The Pentagon is hoping a multimillion-dollar investment in new technology will enable drones on hundreds of Navy ships to provide air support to operations around the globe.
The goal of the “launch and recovery” system, as it has been dubbed by the Defense Advanced Research Projects Agency, or DARPA, is to provide airborne surveillance and drone strikes from the decks of “forward-deployed small ships” without having to deploy aircraft carriers or large, fixed land bases.
The $93.1 million contract was awarded to defense contractor Northrop Grumman on December 24 as part of DARPA’s Tactically Exploited Reconnaissance Node program, which aims to enable drones to operate from smaller ships, according to a Pentagon press release.
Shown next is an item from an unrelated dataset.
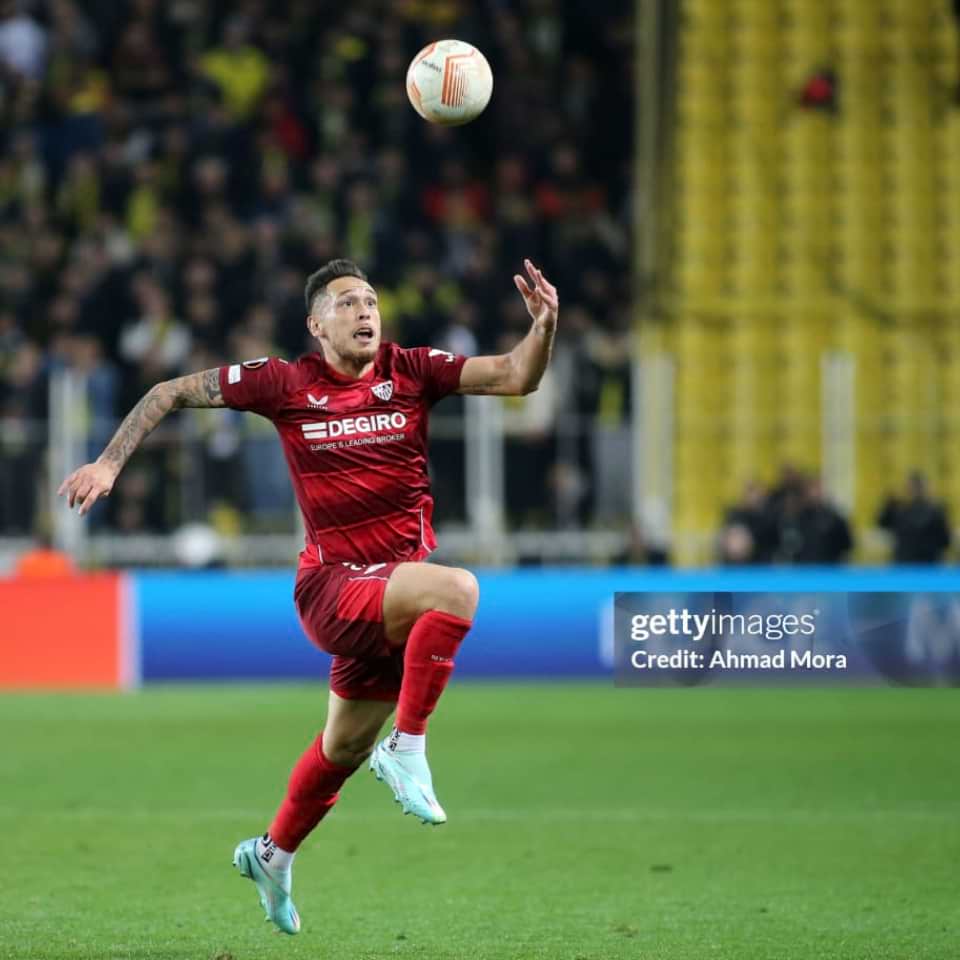 Lucas Ocampos – Match worn – Fenerbahce vs Sevilla FC – UEFA Europa Legue - Imagen 19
Fixed-wing unmanned aircraft require bases and large aircraft carriers, which in turn require “substantial financial, diplomatic and security commitments,” DARPA noted. The U.S. Navy lists 10 conventional aircraft carriers in the U.S. fleet.
Drones have become critical to the military’s effort to combat terrorist activity globally and, in theory, this new technology would allow surveillance flights and drone strikes to be launched globally from the hundreds of existing “small-deck naval maritime vessels,” which include guided-missile destroyers and littoral combat ships, according to Northrop Grumman.
The new seaborne drone system would combine vertical takeoff and landing with the ability to fly long distances like fix-winged drones and provide “highly flexible, robust and affordable unmanned intelligence, surveillance, reconnaissance, and strike capability,” said Ralph Starace, Northrop Grumman Aerospace Systems’ director of advanced design.
A prototype is scheduled for completion in November 2017, the Defense Department said. The project is being supported by the Office of Naval Research in addition to DARPA.